**WORK TO COMPLETE**
Your copy should hold only the lines from the one with "Overhead Flat-lay of" to the one with "PP183- Sandstone Tennis", both included, each exactly as it stands below, with no pictures.

Top of RECORDS SHOWN

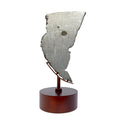 Muonionalusta Meteorite Slice with Troilite Inclusion on Steel Spinner Stand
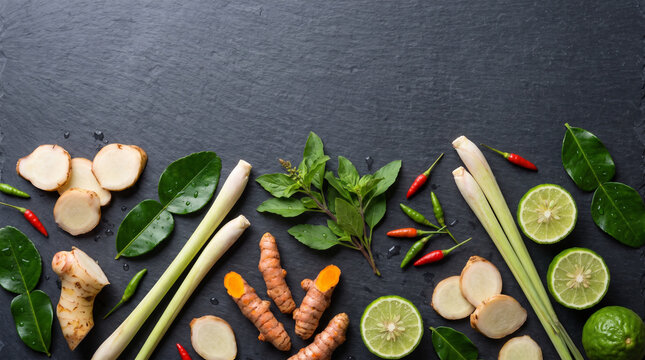 Overhead Flat-lay of Fresh Thai Cooking Herbs on Dark Slate, Galangal, Lemongrass, Kaffir Lime, Thai Basil and Turmeric
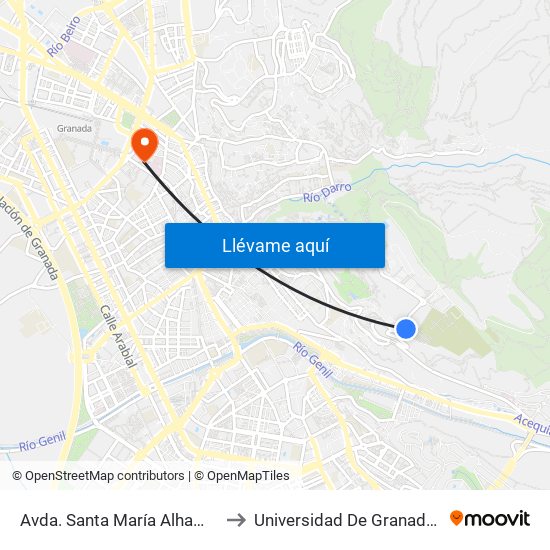 Avda. Santa María Alhambra - Secanillo Alto to Universidad De Granada - Campus Centro map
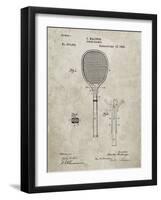 PP183- Sandstone Tennis Racket 1892 Patent Poster-Cole Borders-Framed Giclee Print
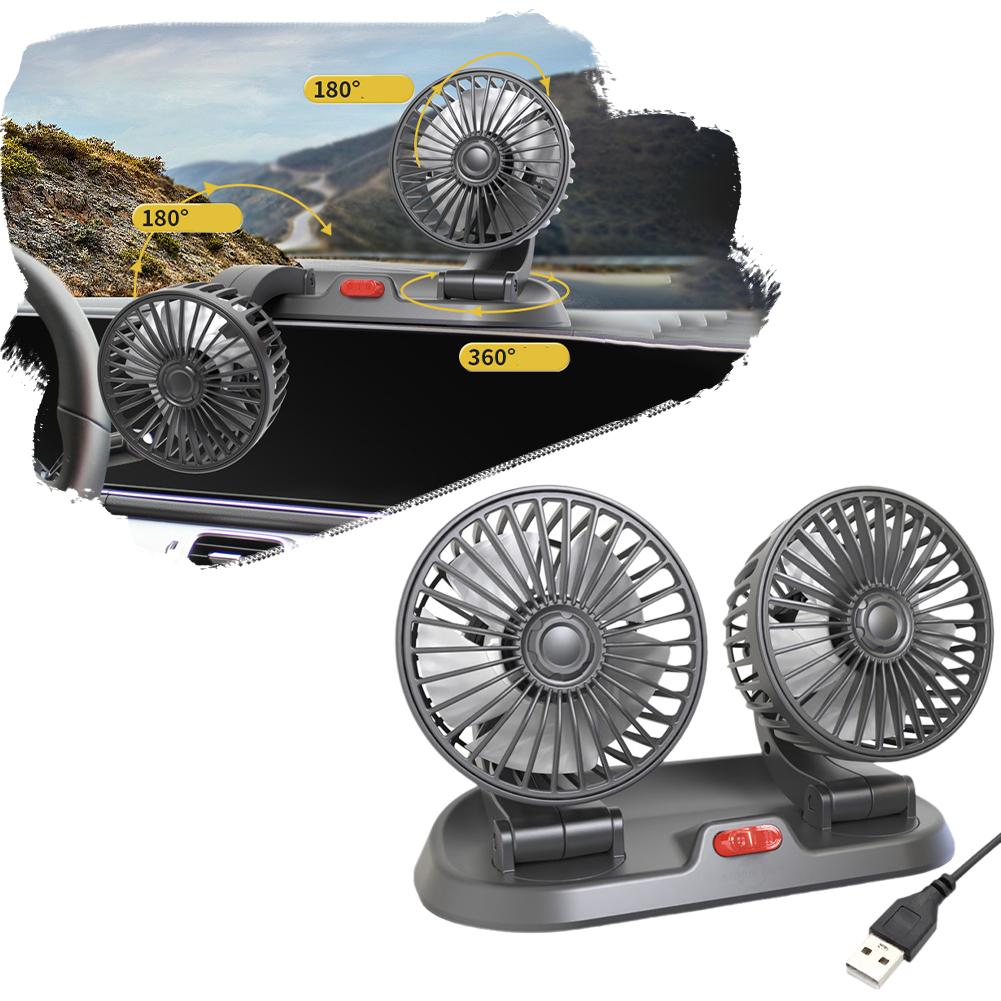 Car Cooling Fan 360° Rotation Car Fan With 2 Head Automotive Electric Fan USB For Home Desk Office&Car Interior Accessories B9Y5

Bottom of RECORDS SHOWN

**ANSWER SECTION**
 Overhead Flat-lay of Fresh Thai Cooking Herbs on Dark Slate, Galangal, Lemongrass, Kaffir Lime, Thai Basil and Turmeric
 Avda. Santa María Alhambra - Secanillo Alto to Universidad De Granada - Campus Centro map
 PP183- Sandstone Tennis Racket 1892 Patent Poster-Cole Borders-Framed Giclee Print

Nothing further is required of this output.